En la carretera entre Sevilla y Santiponce, poco antes de que se avisten los cipreses de Itálica, se desmigaja un edificio melancólico con un gran escudo, que parece el escombro de un viejo palacio imperial. Pero no es un palacio, sino un convento: San Isidro del Campo, antigua sede de la Orden de los Jerónimos Observantes. Aunque hoy el edificio resulte penoso, su indigencia se aviene bien con las intrigas y ataques de que fue protagonista. San Isidro del Campo constituyó, durante el siglo XVI, uno de los focos más activos de protestantismo de todo el país. Los monjes que lo habitaban se llamaban a sí mismos Ermitaños, formaban una secesión de los Padres Jerónimos fundada en 1429 y pretendían seguir rígidamente el austero modo de vida del santo que los patrocinaba. En el verano de 1557, la congregación decidió huir a Ginebra, hostigada por las amenazas de las jerarquías españolas y temiendo que el paso de las palabras a los actos estuviera demasiado próximo. Once o doce de ellos lograron llegar a Suiza con sus familias, después de un largo periplo a través de montañas, caminos y poblaciones en que evitaban a las autoridades. Otros no fueron tan afortunados: 40 de los monjes sirvieron para dar esplendor a cuatro multitudinarios autos de fe celebrados entre 1559 y 1562, y la casa de Isabel de Baeza, que servía para reunirse a los adeptos a las ideas reformistas, se arrasó, quemó y borró, llegándose incluso a sembrar sal bajo las cenizas del solar. Pero la lengua castellana tuvo suerte; entre los fugados se hallaba Casiodoro de Reina, un erudito sevillano que había ingresado en la orden unos años antes y que se caracterizaba por predicar el sermón de la misa en lengua vernácula: costumbre peligrosa que podía hacer a los feligreses entender la palabra de Dios en vez de obedecerla.

Dios no exige que lo comprendamos, ni siquiera que lo amemos, sino que reconozcamos su fuerza: éste fue el principio que mantuvo férreamente la Iglesia Católica durante todos los oscuros años de la Contrarreforma.
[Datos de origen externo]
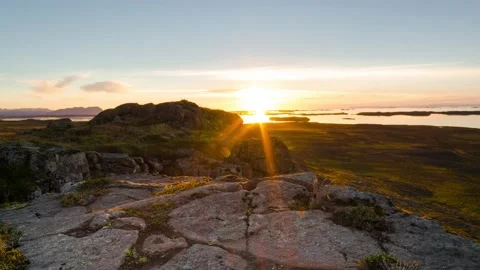 Iceland Timelapse Sunset Stock Footage 153290519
Pero Lutero primero, y Casiodoro de Reina luego, compararon la Biblia, un libro escrito con letras, con el mundo, el otro libro hecho de símbolos que Dios había redactado, y postularon que todo creyente debe poder gozar del privilegio de interpretar ambos. Traducir las Escrituras era un delito capital, que llevaba parejas la excomunión y la muerte. Durante más de diez años, desatento a las órdenes de busca y captura que se dictaban contra él, Casiodoro vagó entre Estrasburgo, Francfort y Basilea, entregado a la tarea de volcar al español el lenguaje seco y terso de la divinidad. El resultado se publicó en esta última ciudad en 1569, y se llamó la Biblia del Oso, debido al emblema del impresor, un oso que arranca un panal de miel de la copa de un árbol. En 1602, la Biblia se había agotado y era difícil de encontrar como un hombre honesto: Cipriano de Valera, exegeta protestante, la reeditó con muchos añadidos y notas. Hoy se celebra el 400 aniversario de aquella gesta que entregó la literatura de Dios a los españoles; de su belleza, coherencia y pudor puede dar fe cualquiera que se acerque a esta traducción primera que luego oscureció la pesadez de las versiones canónicas.